Concurso de diplomacia exige de música a economia
ROBERTO PELLIMda Folha de S.Paulo
São mais de 2.000 concorrentes para 25 vagas, em média. A relação candidato/vaga do Instituto Rio Branco, único responsável pela formação e treinamento de diplomatas brasileiros, supera muitos dos cursos mais concorridos dos principais vestibulares.
Na seleção de 99, o índice foi de 127,75 candidatos por vaga. Em 2000, foi de 96,4. O curso mais concorrido da Fuvest (Fundação Universitária para o Vestibular) é publicidade e propaganda, com 70,4 concorrentes por vaga.
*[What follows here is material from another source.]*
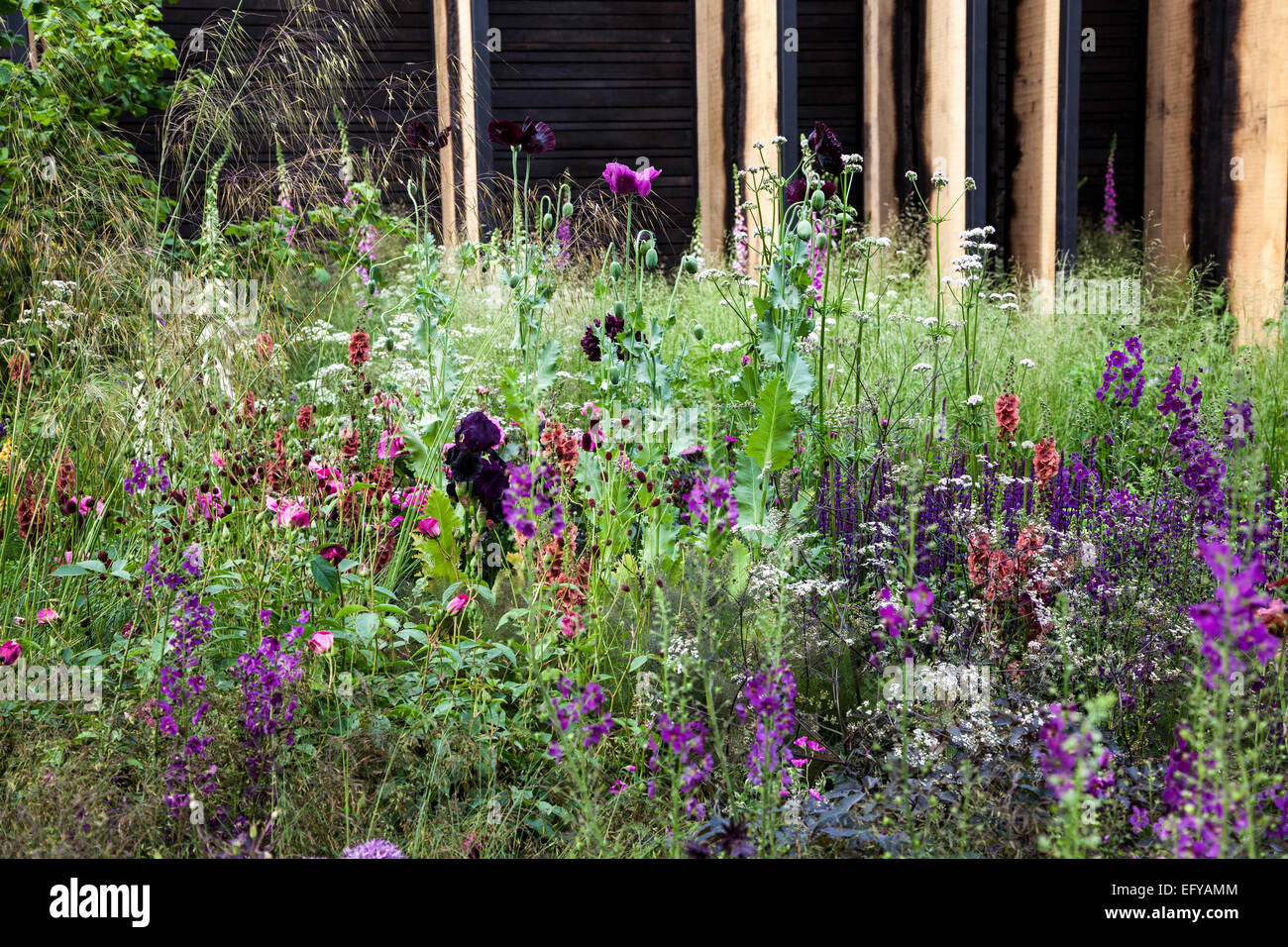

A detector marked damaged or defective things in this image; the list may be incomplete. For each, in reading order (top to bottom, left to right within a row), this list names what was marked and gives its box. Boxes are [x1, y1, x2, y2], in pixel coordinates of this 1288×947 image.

burnt timber cladding [486, 0, 700, 255]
No entanto conseguir entrar no instituto não significa superar todas as dificuldades na carreira de diplomata. Os aprovados fazem dois anos de formação e aperfeiçoamento para exercer a carreira. Mas também têm estabilidade no emprego, cargo de 3º secretário e salário inicial líquido de R$ 3.800.
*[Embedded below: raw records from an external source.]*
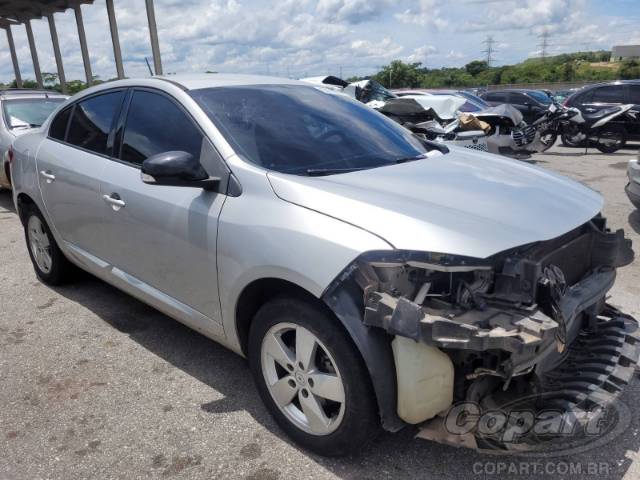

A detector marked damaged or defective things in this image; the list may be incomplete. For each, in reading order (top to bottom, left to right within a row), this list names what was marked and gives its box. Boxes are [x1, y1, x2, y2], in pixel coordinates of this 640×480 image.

damaged car in background [11, 75, 640, 458]
damaged front end [324, 216, 640, 452]
crumpled front bumper [416, 306, 640, 452]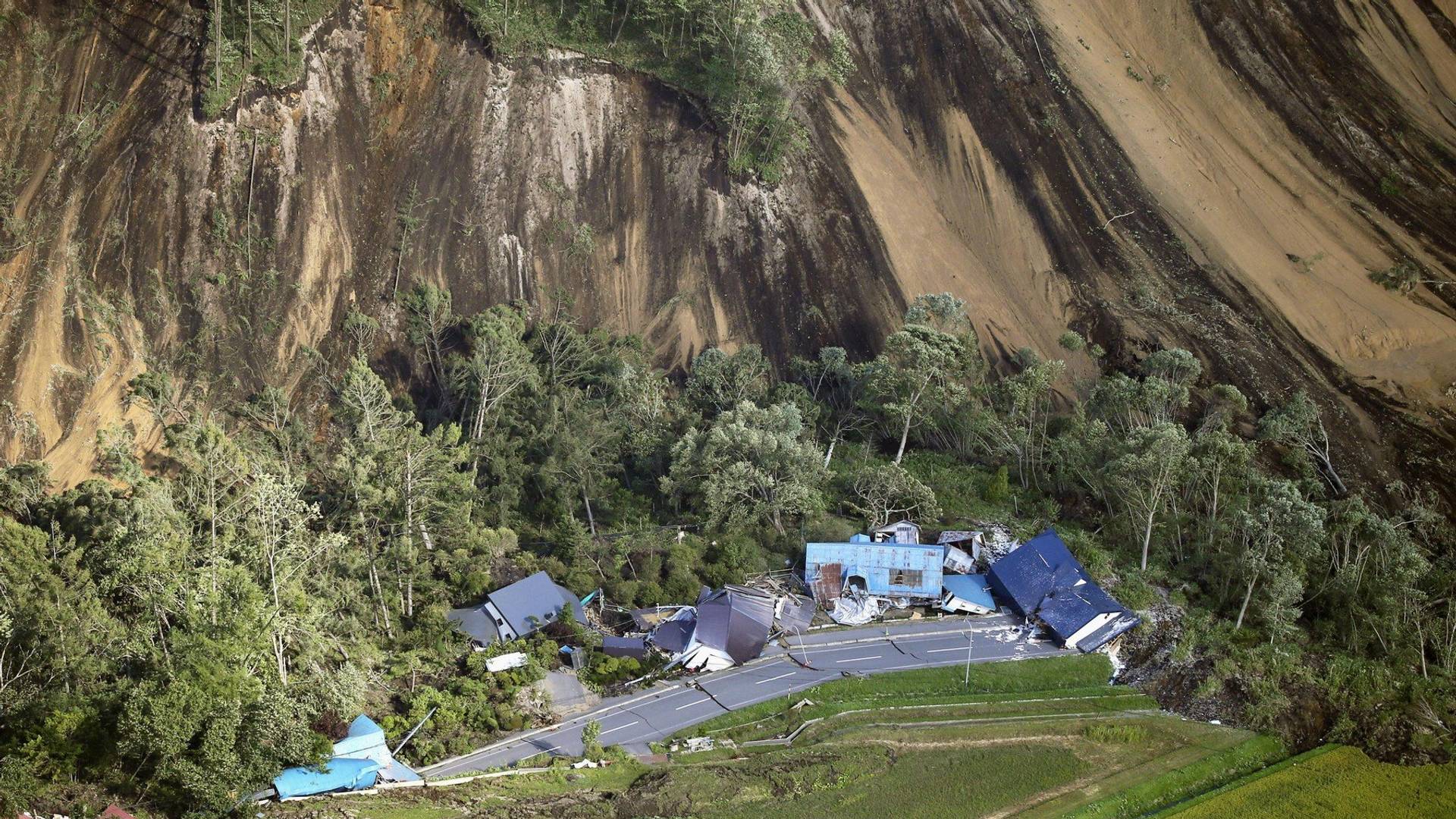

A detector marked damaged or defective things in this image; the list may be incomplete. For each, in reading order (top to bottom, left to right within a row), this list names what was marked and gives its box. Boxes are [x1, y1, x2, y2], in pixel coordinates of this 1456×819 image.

damaged road [422, 613, 1056, 783]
Para atingir esse "título", os candidatos fazem nove provas. A inicial, de conhecimentos gerais, elimina grande parte dos concorrentes e é imprevisível.
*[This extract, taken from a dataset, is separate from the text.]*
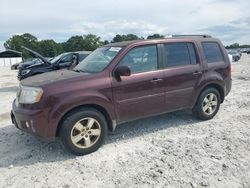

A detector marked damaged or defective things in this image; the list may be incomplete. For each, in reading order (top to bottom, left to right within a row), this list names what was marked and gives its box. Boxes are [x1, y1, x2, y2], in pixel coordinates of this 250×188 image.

damaged vehicle [17, 47, 92, 80]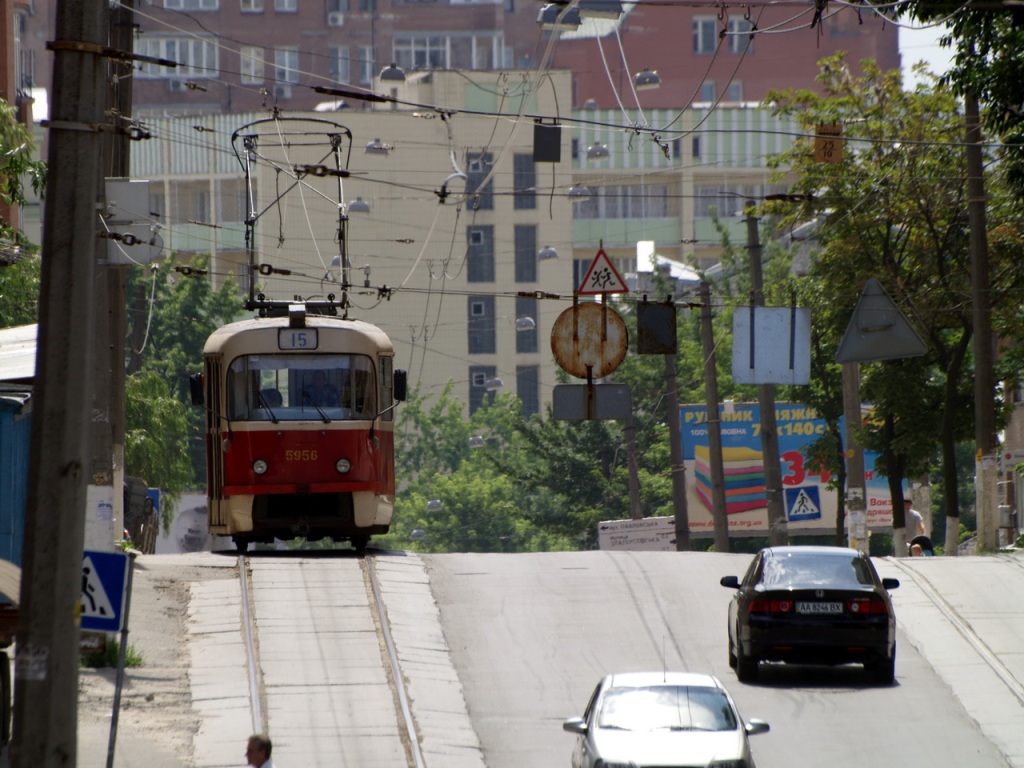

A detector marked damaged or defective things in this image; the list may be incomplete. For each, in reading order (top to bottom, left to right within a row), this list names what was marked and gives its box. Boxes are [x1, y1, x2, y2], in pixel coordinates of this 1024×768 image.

rusty round sign [552, 303, 622, 382]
As provas de história, relações internacionais, geografia, inglês (oral), noções de direito e economia serão realizadas em Brasília. Para tanto, o instituto fornece passagem aérea de ida e volta e auxílio financeiro enquanto durar o exame.
Além das provas em Brasília, há também exames de inglês (escrito) e português, que podem ser feitos na capital federal ou em outras dez capitais do país.
Segundo Antonio Carlos Toze, 33, professor do Curso Itamaraty, pode cair na prova de conhecimentos gerais desde música erudita até efemérides (datas comemorativas), como os 500 anos do Descobrimento do Brasil.
De acordo com Toze, a prova exige muitos conhecimentos porque "eles (Itamaraty) consideram que o diplomata deve ter muito conhecimento na bagagem".
A chance de ser aprovado na primeira tentativa é pequena, segundo a assessoria do Rio Branco. Muitos candidatos fazem vários exames até conseguir entrar.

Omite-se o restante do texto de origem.